Esistono o non esistono? Questo è il problema. E parliamo di alieni o meglio di civiltà extraterrestri. Ebbene, se esistono in qualche modo dovremmo trovarli, giusto? Ora, un nuovo studio propone una spiegazione tanto intrigante quanto inaspettata: forse gli alieni ci sono, ma sono meno avanzati tecnologicamente di quanto possiamo pensare. In sintesi, combattono anche loro con piccoli e grandi problemi ai mezzi di comunicazione. Proprio per questa arretratezza umani ed extraterrestri non riescono a scoprirsi a vicenda.
Robin Corbet, astrofisico senior presso l’Università del Maryland e ricercatore al Goddard Space Flight Center della NASA, è l’autore di questa teoria provocatoria. In un documento pubblicato su arXiv, che non è ancora stato sottoposto a revisione tra pari, Corbet spiega il concetto con un’analogia illuminante: “L’idea è che siano più avanzati, ma non molto più avanzati. È come avere un iPhone 42 invece di un iPhone 17. Questo sembra più possibile, più naturale, perché non propone nulla di estremo“.
L’equazione di Drake, una formula sviluppata per stimare il numero di civiltà nella Via Lattea capaci di trasmettere segnali radio, suggerisce che dovrebbero esisterne parecchie. La nostra civiltà emette segnali radio da decenni, quindi sappiamo che la risposta all’equazione di Drake deve essere almeno uno. In teoria, gli astrofisici hanno anche calcolato che civiltà sufficientemente avanzate potrebbero espandersi attraverso l’intera galassia in un tempo relativamente breve su scale astronomiche.

Se qualche civiltà aliena avesse raggiunto questo traguardo, l’umanità dovrebbe essere in grado di rilevare la loro presenza attraverso diverse tecnofirme: segnali elettromagnetici artificiali, tracce di astroingegneria come il calore emanato dalle sfere di Dyson (ipotetiche megastrutture costruite attorno alle stelle per raccogliere energia), o persino manufatti extraterrestri sulla Terra. Finora, però, non abbiamo trovato nulla di tutto ciò. Da qui il punto: non è che non esistono, semplicemente non vogliono o non possono farsi trovare da noi.
L’ipotesi della radicalità ordinaria suggerisce quindi che l’umanità potrebbe essere vicina al massimo progresso tecnologico.

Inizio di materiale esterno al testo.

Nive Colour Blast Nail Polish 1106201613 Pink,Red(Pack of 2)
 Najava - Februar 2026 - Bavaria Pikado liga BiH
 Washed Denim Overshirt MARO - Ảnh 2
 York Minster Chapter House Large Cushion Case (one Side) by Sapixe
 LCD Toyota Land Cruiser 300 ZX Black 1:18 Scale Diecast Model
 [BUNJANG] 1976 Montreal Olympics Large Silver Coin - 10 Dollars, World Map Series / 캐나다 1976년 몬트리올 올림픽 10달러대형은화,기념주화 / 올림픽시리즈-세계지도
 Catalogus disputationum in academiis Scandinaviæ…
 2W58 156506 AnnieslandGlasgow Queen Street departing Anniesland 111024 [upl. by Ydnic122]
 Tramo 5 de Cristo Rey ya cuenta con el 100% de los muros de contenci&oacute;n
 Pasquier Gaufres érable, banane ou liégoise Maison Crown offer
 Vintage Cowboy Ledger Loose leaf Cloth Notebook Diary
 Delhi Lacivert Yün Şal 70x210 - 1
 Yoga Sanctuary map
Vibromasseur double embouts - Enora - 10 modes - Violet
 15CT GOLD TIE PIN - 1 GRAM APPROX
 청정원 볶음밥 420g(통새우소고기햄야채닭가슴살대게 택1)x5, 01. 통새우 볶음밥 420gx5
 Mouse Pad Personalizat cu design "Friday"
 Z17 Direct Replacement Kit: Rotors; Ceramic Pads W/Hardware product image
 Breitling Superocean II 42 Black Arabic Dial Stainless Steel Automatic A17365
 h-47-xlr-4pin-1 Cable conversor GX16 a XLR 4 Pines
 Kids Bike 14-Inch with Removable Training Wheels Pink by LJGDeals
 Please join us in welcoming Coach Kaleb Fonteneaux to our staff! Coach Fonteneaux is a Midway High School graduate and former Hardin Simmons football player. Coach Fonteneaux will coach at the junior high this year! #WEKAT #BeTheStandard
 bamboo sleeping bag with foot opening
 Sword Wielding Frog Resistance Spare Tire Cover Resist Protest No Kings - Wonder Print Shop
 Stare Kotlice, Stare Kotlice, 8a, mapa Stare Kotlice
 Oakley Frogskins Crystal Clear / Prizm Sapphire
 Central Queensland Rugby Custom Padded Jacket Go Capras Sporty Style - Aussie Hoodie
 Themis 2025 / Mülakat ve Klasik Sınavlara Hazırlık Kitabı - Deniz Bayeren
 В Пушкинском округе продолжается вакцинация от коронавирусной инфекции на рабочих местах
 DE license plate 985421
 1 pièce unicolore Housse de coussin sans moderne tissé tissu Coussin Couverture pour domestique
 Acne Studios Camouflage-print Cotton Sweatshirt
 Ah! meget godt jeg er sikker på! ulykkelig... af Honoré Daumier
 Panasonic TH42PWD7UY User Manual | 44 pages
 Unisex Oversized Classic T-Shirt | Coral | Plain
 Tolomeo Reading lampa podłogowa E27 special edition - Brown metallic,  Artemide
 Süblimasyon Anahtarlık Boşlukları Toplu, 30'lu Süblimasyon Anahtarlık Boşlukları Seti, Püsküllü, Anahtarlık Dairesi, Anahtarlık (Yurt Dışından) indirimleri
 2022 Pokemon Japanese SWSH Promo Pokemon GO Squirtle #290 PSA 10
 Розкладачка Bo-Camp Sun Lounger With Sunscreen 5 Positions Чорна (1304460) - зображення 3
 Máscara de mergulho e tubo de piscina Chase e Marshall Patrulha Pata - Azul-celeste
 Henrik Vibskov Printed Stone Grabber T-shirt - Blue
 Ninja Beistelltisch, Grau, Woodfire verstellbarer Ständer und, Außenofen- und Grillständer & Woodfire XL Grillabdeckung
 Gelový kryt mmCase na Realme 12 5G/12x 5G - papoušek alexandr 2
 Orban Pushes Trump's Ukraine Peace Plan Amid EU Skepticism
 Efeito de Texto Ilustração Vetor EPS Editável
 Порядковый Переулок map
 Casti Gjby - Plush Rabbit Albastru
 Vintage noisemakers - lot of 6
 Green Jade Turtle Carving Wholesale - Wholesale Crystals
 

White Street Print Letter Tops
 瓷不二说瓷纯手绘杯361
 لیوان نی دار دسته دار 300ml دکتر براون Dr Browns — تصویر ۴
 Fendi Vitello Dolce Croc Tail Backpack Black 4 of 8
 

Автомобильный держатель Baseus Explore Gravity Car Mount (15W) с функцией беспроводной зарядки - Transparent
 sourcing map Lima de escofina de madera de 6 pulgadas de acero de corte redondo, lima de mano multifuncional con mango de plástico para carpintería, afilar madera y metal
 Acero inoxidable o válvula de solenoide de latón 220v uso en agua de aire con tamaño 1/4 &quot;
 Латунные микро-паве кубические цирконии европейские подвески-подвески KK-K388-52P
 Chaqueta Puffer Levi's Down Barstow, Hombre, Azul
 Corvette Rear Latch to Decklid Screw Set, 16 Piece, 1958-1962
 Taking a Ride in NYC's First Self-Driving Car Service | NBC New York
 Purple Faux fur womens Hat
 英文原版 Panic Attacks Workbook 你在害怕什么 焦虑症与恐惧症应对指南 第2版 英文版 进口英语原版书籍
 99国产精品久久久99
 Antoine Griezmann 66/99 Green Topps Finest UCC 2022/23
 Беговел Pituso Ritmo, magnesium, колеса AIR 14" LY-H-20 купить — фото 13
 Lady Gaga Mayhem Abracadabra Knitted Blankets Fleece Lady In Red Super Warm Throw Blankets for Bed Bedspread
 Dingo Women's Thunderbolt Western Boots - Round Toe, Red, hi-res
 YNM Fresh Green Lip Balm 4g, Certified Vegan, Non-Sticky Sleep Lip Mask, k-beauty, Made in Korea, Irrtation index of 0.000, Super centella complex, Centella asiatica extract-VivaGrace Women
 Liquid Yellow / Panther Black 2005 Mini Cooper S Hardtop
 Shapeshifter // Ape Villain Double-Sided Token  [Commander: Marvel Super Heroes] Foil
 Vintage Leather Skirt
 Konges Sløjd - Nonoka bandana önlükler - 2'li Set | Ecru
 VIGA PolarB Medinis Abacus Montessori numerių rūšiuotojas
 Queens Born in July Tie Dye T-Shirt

E le civiltà aliene, al contrario, non avanzano abbastanza da poter facilmente rilevare o contattare altre specie intelligenti. Siamo due lati di una stessa medaglia. Non solo. Secondo Corbet, queste civiltà potrebbero col tempo perdere interesse nell’esplorazione cosmica, diventando statiche e, in un certo senso, annoiate. Scordate gli alieni minacciosi che vogliono conquistare la Terra: non ci tengono proprio.
Questo significa che non troveremo mai prove di vita extraterrestre? Non necessariamente. Nel suo documento, Corbet spiega che anche un mondo tecnologicamente ordinario potrebbe essere ancora rilevabile attraverso radiazioni di dispersione, e una tale scoperta “potrebbe non essere troppo lontana” se i radiotelescopi continueranno a migliorare.